Op zoek naar informatie over de Hengelose wielerclan van de jaren vijftig en zestig, belde ik na een tip aan bij Jan Roesink. Klein huisje op het Wilbert. “Loop maar even mee”, zei een vriendelijke mevrouw die in het voortuintje onkruid aan het wieden was. Hij zit achter. Het bleek zijn vriendin te zijn die me bij Jan introduceerde.

Het duurde nog geen minuut of ik hing aan zijn lippen. Jan Roesink is 89 jaar, hij oogde in de felle zon achter zijn huis, heel breekbaar, maar zat in een mum van tijd op de praatstoel. Ik was na de eerste zinnen al blij dat ik hem gevonden had, zodat hij mij kon bijpraten. Omdat ik op FB een serie maak over de wielercarrière van oud-wereldkampioen Bert Boom, ben ik via via achter Jans huis terechtgekomen. Want hij was wielrenner geweest en was zestig, zeventig jaar geleden een van de vele renners van De Tubanters die al fietsend aan de weg timmerden.
Aangenaam gesprek, ondeugende blik in de wijze ogen. Hij was blij dat hij kon vertellen.
“Of ik Gerrit Lentelink gekend heb? IJzeren Gerrit? Jazeker. Ik ben vaak bij hem thuis geweest in Wiene, want hij had ook een paar zusters. Dan zei Gerrit tegen zijn moeder Marie. Zet ‘ns effn luk koffie veur de kearls. Ze noemden haar Zwarte Marie, ze was een voormalige kroegbazin.” Knipoog, stout glimlachje.
Hij vertelde dat hij de Rondes van Neede, Goor en Lengerich gewonnen had. In de buurt van Zwolle – Jan kon niet op de naam komen van het bewuste dorp – had hij een wilde koers gewonnen onder de naam Jan Tabak. “Ik nam in de laatste bocht van de laatste ronde een olifantenpaadje, wat ik al had zien liggen toen ik het parcours verkende. De concurrentie protesteerde, maar de jury vond het best. En zo won ik. Leverde me 75 gulden op en wat premies in de vorm van een paar sokken en een pot proemn.”

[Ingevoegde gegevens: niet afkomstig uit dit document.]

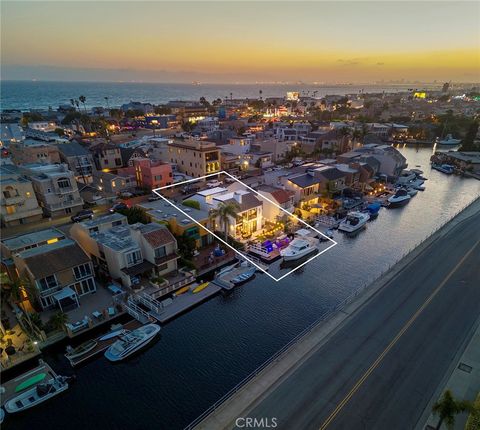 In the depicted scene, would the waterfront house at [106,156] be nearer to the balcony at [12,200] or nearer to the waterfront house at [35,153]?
the waterfront house at [35,153]

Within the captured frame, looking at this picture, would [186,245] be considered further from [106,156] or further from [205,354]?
[106,156]

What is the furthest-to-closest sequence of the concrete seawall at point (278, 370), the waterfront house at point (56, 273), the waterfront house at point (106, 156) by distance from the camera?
the waterfront house at point (106, 156), the waterfront house at point (56, 273), the concrete seawall at point (278, 370)

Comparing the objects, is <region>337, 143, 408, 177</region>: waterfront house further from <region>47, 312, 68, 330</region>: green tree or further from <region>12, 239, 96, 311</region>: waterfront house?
<region>47, 312, 68, 330</region>: green tree

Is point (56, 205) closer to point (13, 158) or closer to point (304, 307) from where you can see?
point (13, 158)

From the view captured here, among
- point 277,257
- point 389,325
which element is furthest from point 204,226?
point 389,325

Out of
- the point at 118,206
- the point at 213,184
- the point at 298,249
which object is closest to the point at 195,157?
the point at 213,184

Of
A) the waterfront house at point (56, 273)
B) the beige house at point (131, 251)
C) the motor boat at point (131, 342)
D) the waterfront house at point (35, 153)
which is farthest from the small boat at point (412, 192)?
the waterfront house at point (35, 153) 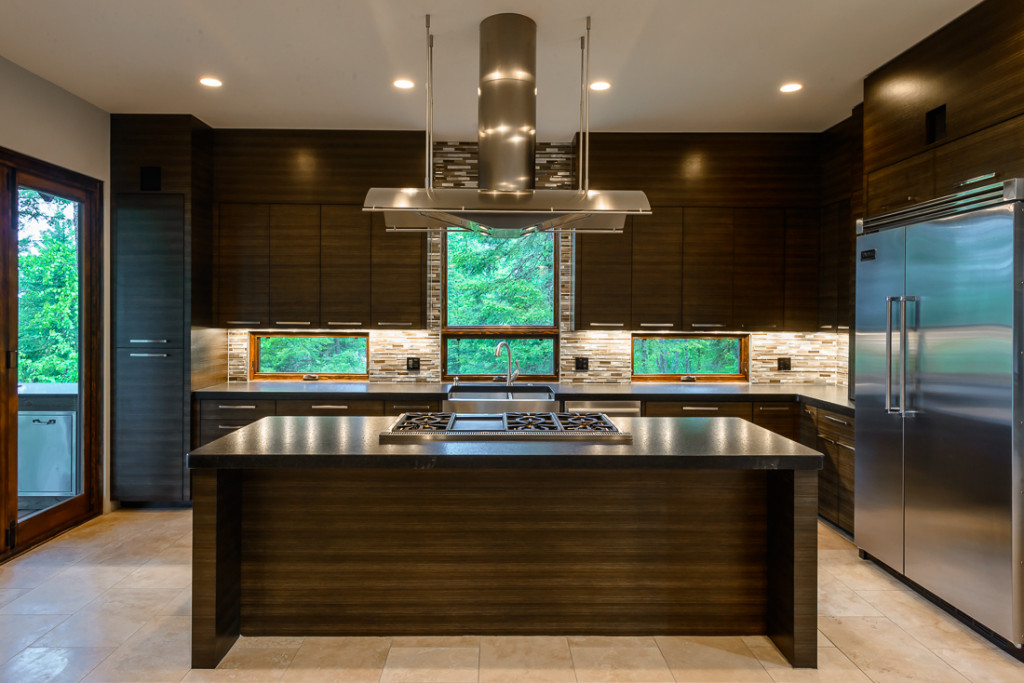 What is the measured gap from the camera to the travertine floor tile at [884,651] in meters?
2.55

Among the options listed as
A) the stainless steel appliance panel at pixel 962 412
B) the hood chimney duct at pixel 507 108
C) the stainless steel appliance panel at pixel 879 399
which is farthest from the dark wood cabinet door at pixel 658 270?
the hood chimney duct at pixel 507 108

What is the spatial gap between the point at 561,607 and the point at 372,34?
2999 millimetres

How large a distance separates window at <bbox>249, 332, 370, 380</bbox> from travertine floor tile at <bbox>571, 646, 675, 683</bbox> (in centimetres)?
333

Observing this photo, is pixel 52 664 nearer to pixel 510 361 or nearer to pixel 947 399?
pixel 510 361

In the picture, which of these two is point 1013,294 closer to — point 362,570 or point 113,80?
point 362,570

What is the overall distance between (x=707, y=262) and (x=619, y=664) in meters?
3.35

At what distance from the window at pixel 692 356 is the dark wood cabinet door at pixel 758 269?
0.36 metres

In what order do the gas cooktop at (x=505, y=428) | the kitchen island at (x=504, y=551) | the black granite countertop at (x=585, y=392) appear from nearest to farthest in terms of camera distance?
the gas cooktop at (x=505, y=428)
the kitchen island at (x=504, y=551)
the black granite countertop at (x=585, y=392)

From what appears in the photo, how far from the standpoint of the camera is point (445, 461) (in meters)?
2.40

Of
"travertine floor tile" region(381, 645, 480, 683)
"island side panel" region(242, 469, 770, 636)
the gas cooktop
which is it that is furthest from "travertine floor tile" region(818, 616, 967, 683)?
"travertine floor tile" region(381, 645, 480, 683)

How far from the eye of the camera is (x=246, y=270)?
5.09 metres

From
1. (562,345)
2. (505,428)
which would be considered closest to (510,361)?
(562,345)

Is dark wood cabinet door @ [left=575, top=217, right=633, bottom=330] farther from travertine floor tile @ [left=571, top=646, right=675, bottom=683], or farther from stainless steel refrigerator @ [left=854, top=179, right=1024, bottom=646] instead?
travertine floor tile @ [left=571, top=646, right=675, bottom=683]

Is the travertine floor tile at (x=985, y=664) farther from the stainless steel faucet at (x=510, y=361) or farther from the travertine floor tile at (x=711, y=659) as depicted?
the stainless steel faucet at (x=510, y=361) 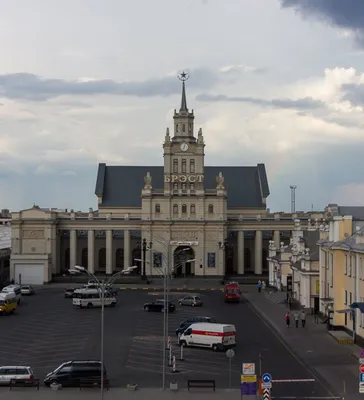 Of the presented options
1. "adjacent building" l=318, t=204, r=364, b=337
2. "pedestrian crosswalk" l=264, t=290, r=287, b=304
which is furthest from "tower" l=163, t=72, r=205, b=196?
"adjacent building" l=318, t=204, r=364, b=337

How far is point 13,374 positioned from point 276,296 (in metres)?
51.7

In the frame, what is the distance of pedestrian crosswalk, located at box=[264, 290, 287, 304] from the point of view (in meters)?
81.0

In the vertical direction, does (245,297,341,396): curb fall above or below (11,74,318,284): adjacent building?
below

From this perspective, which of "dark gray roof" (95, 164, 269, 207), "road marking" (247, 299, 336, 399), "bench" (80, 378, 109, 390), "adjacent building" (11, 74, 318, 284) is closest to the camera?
"bench" (80, 378, 109, 390)

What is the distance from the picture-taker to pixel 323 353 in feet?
153

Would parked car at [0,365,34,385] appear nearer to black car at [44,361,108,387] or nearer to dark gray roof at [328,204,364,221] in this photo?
black car at [44,361,108,387]

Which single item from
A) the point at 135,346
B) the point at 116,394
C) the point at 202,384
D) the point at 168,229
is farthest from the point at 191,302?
the point at 116,394

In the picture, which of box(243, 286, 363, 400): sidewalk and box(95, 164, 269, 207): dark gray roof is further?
box(95, 164, 269, 207): dark gray roof

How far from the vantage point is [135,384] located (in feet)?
121

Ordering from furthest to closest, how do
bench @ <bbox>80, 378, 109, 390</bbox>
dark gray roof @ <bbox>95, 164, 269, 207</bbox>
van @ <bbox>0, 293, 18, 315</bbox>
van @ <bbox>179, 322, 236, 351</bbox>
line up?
dark gray roof @ <bbox>95, 164, 269, 207</bbox>
van @ <bbox>0, 293, 18, 315</bbox>
van @ <bbox>179, 322, 236, 351</bbox>
bench @ <bbox>80, 378, 109, 390</bbox>

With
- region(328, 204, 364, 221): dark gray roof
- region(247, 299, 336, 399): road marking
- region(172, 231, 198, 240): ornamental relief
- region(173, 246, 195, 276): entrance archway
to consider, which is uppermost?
region(328, 204, 364, 221): dark gray roof

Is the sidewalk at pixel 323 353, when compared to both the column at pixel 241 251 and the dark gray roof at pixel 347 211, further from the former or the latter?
the column at pixel 241 251

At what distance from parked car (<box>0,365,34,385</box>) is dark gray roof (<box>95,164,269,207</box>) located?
3384 inches

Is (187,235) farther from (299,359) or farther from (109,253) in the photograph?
(299,359) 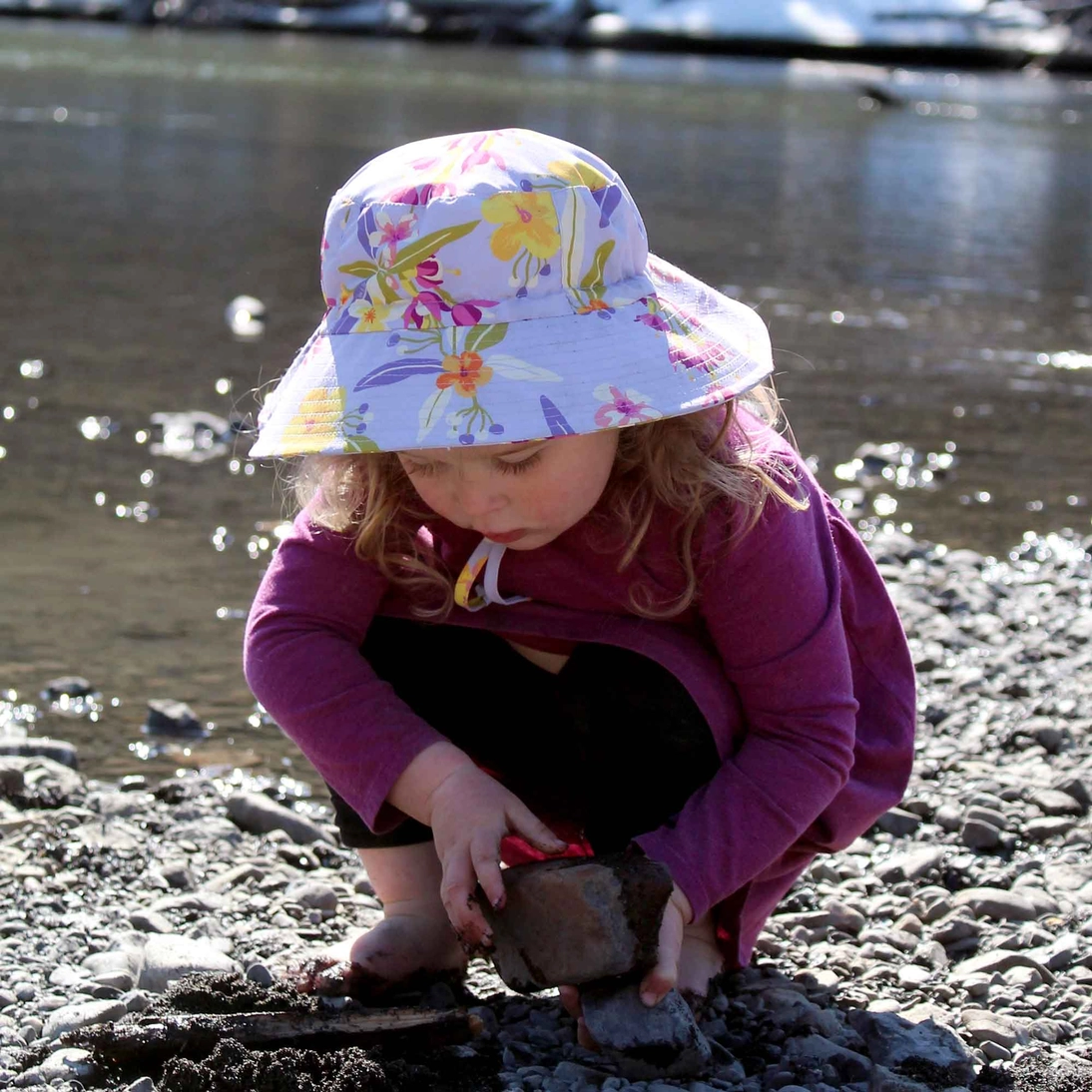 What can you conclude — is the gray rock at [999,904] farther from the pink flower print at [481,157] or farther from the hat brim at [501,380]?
the pink flower print at [481,157]

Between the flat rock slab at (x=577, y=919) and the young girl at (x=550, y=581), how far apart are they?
0.11 feet

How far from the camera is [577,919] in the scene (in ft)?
6.32

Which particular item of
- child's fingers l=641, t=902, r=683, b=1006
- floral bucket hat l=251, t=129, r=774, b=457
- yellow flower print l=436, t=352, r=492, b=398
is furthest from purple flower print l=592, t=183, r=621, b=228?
child's fingers l=641, t=902, r=683, b=1006

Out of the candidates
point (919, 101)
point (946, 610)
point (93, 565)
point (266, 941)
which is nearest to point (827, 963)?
point (266, 941)

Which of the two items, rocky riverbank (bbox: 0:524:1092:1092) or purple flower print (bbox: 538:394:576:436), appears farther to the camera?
rocky riverbank (bbox: 0:524:1092:1092)

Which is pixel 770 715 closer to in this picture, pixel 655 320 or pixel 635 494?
pixel 635 494

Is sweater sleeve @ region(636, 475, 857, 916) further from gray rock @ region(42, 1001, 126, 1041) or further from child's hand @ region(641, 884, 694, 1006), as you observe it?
gray rock @ region(42, 1001, 126, 1041)

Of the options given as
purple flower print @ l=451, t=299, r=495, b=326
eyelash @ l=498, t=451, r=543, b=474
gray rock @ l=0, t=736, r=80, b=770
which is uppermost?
purple flower print @ l=451, t=299, r=495, b=326

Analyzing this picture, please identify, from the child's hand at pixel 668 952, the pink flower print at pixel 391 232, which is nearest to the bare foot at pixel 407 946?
the child's hand at pixel 668 952

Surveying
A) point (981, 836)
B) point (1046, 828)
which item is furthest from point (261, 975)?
point (1046, 828)

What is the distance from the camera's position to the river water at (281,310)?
3648 mm

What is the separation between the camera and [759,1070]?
1999mm

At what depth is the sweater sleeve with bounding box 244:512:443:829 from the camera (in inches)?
81.4

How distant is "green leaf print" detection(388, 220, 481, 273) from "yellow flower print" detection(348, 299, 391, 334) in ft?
0.16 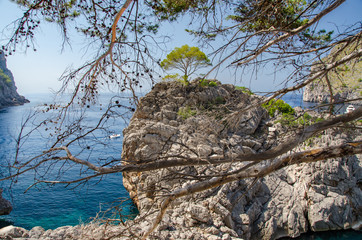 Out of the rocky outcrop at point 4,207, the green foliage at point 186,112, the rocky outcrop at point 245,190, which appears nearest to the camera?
the rocky outcrop at point 245,190

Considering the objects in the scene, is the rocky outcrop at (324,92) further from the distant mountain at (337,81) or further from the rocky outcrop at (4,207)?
the rocky outcrop at (4,207)

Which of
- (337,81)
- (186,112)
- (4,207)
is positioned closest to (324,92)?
(337,81)

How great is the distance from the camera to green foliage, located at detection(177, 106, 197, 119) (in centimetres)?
1166

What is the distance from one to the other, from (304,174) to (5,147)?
863 inches

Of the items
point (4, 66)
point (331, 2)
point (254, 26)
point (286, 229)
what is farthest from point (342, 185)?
point (4, 66)

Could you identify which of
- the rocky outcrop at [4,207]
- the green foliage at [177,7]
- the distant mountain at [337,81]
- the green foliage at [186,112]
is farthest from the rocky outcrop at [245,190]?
the rocky outcrop at [4,207]

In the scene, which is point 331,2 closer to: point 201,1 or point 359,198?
point 201,1

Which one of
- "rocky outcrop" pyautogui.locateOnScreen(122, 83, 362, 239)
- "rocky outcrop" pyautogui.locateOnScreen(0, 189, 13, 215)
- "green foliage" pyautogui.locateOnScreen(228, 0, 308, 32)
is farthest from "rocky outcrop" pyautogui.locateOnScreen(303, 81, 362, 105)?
"rocky outcrop" pyautogui.locateOnScreen(0, 189, 13, 215)

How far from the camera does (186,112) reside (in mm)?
11773

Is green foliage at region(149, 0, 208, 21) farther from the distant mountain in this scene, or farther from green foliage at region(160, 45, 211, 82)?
green foliage at region(160, 45, 211, 82)

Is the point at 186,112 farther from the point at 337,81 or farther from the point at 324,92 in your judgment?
the point at 337,81

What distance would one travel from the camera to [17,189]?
12.7 m

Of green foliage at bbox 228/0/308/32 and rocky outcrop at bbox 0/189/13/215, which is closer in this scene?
green foliage at bbox 228/0/308/32

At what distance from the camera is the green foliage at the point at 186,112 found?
11664mm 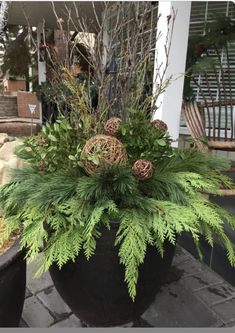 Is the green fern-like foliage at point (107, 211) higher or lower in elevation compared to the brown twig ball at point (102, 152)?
lower

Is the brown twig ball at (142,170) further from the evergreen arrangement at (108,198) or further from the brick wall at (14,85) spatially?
the brick wall at (14,85)

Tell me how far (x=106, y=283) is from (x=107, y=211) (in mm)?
282

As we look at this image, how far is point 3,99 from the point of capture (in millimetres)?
8484

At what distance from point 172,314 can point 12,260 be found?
848mm

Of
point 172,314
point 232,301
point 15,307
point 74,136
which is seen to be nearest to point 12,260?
point 15,307

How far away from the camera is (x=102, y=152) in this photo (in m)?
1.27

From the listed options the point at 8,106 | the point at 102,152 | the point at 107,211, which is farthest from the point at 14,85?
the point at 107,211

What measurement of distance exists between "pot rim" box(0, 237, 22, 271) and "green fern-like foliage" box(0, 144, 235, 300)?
39 millimetres

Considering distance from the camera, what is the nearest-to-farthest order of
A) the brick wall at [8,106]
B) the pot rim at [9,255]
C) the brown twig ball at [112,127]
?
1. the pot rim at [9,255]
2. the brown twig ball at [112,127]
3. the brick wall at [8,106]

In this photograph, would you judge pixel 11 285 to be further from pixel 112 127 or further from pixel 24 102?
pixel 24 102

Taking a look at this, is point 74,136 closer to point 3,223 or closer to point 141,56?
point 3,223

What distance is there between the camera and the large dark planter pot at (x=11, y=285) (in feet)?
3.63

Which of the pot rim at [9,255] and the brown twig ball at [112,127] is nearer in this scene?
the pot rim at [9,255]

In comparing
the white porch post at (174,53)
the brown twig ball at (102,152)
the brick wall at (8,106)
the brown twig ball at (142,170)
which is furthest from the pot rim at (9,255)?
the brick wall at (8,106)
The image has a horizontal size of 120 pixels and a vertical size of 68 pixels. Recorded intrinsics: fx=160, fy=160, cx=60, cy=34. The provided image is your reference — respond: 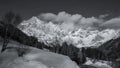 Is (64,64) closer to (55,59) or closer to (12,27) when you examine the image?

Hij vertelde over Mattie van den Heuvel, de beste van al die Hengelose renners in de jaren vijftig, over Tonnie Bijen die naar Australië emigreerde en Toon Oink. Over Henk Scheuten en Frans Nijmeijer. In de Ronde van de Hengelose vijver was hij derde geworden.
In 1953 kwam aan Jan Roesinks loopbaan een einde toen hij in militaire dienst moest. Hij werd ingedeeld bij de marine. Wielrennen was er niet meer bij. Daarna ging hij bij Stork werken en werd hij uitgezonden naar Ethiopië. Hij bleef er zes jaar om mee te helpen bouwen aan de suikerfabrieken aldaar.
Ik vroeg hem of hij het boek Suikerbastaard kende van Jaap Scholten. “Wat daar in staat, klopt grotendeels niet”, zei Jan.
“Heb je het boek gelezen?”
“Nee, dat niet. Maar dat hebben ze mij verteld”, zei hij om vervolgens uit te weiden over de zes tamelijk primitieve jaren in het Afrikaanse land.
Misschien kom ik daar nog eens op terug, want ik ga zeker nog weer eens langs bij Jan. Nee, niet te lang mee wachten.